Finalist: Ryo Kubota

For the submission: A field-based assay to detect ROD in asymptomatic trees

The team: Rio Kubota is the Co-founder and CEO of Diagenetix, Inc. a Honolulu-based company. Our team of professionals with diverse backgrounds and disciplines work together to solve complex problems through solution-oriented innovative processes. Each team member has a unique role with skillsets ranging from micro/molecular biology, electrical/mechanical engineering to computer sciences, and environmental/conservation studies. Our multidisciplinary work ecosystem is vital to translate creativity and science into useful products. Diagenetix, Inc. was founded 9 years ago as a university tech start up from the University of Hawaiʻi at Manoa. Our relationship with industry, academia and government agencies nurture an environment for successful academic entrepreneurs and positive experiences for university start-up initiatives. Continuous engagement between university research and university tech startups is a relationship that we view as vital to succeed in the innovation economy of the future. As a result of our R&D efforts, our network between university researchers and collaborators extends globally across the world. We believe that our team has the capabilities necessary to solve local and global scaled issues with a support network that can provide outside resources or technologies when necessary.

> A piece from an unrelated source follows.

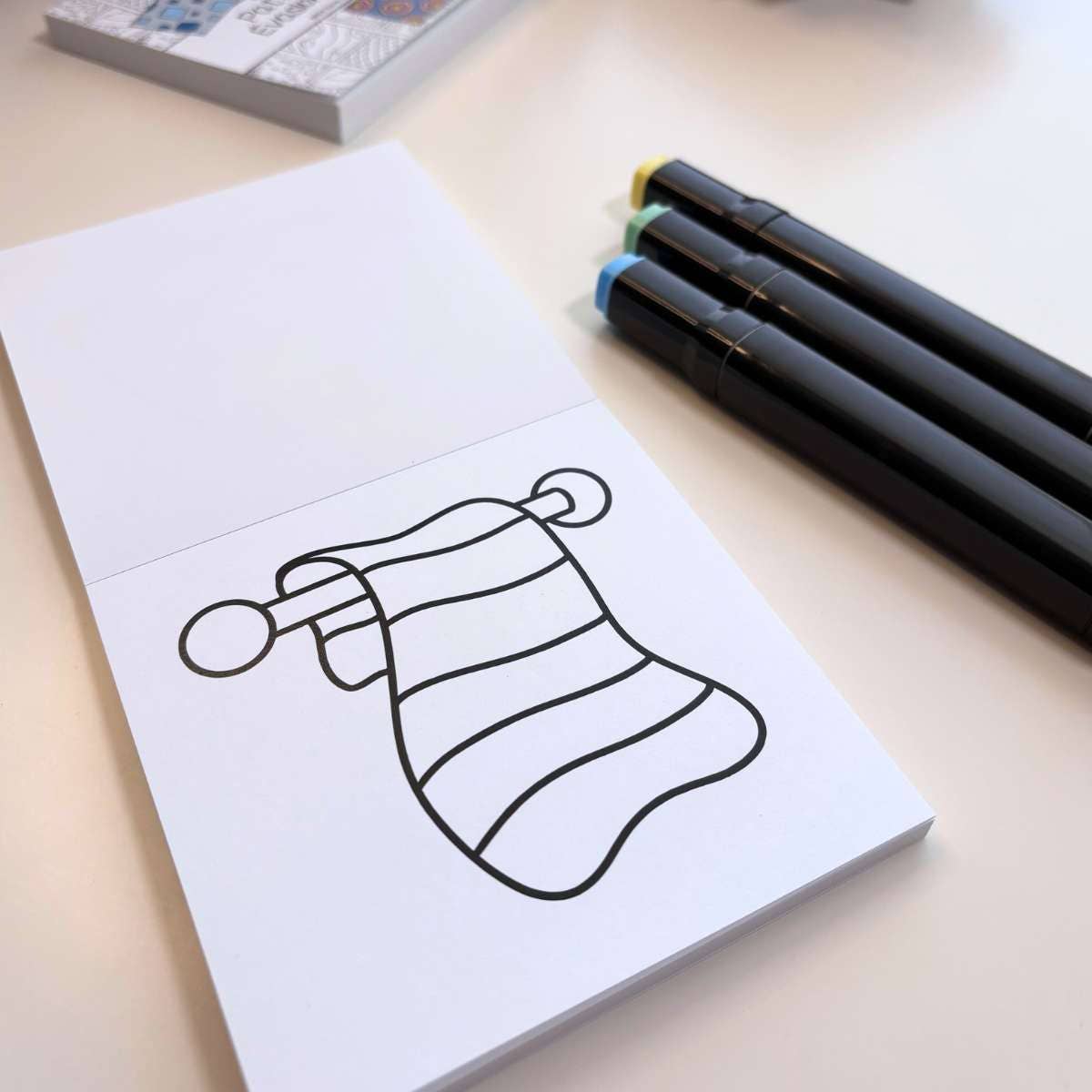 Mini Doodle Colouring Book | Cushy & Cozy | PREORDER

The proposed solution: Diagenetix has developed a mobile gene-based diagnostic platform compatible with all isothermal DNA/RNA amplification technologies. This new handheld instrument called BioRanger TM , enables rapid, on-site molecular detection in real- time through your smartphone. Our inexpensive portable solution has been applied to numerous applications such as clinical diagnostics in remote locations, food safety, veterinary, aquaculture, and agriculture. We believe that combining the molecular test results with geospatial, temporal, and imagery data analysis through a BioRanger TM web-portal system can provide better strategies and solutions to our users’ needs and problems.